Exercise description: Using "with" as the search string, find the matching lines below and copy them.
-------- Source material
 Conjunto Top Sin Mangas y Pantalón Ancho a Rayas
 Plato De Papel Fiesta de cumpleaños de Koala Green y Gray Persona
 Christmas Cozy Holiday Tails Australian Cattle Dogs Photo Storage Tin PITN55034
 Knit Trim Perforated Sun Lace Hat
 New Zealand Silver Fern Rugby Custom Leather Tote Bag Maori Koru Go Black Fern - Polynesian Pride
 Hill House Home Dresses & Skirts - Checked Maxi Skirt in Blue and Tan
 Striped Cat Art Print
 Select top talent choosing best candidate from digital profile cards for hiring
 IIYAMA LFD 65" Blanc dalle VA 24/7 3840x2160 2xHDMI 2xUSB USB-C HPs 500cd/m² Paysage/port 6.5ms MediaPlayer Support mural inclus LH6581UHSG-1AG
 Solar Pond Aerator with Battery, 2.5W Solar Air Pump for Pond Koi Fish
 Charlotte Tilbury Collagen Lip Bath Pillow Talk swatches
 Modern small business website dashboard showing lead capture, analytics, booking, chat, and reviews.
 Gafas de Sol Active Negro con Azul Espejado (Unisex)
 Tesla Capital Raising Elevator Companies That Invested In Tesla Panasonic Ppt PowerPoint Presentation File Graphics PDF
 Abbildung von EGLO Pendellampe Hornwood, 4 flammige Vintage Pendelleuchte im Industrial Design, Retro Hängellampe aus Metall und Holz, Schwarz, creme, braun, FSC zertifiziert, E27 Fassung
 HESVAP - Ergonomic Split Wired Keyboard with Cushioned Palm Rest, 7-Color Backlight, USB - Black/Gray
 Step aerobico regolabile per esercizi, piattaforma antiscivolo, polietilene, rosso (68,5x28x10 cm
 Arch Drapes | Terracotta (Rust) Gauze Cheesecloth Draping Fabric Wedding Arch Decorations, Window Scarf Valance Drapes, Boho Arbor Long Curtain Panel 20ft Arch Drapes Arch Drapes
----------------
Output for this exercise:
 Solar Pond Aerator with Battery, 2.5W Solar Air Pump for Pond Koi Fish
 HESVAP - Ergonomic Split Wired Keyboard with Cushioned Palm Rest, 7-Color Backlight, USB - Black/Gray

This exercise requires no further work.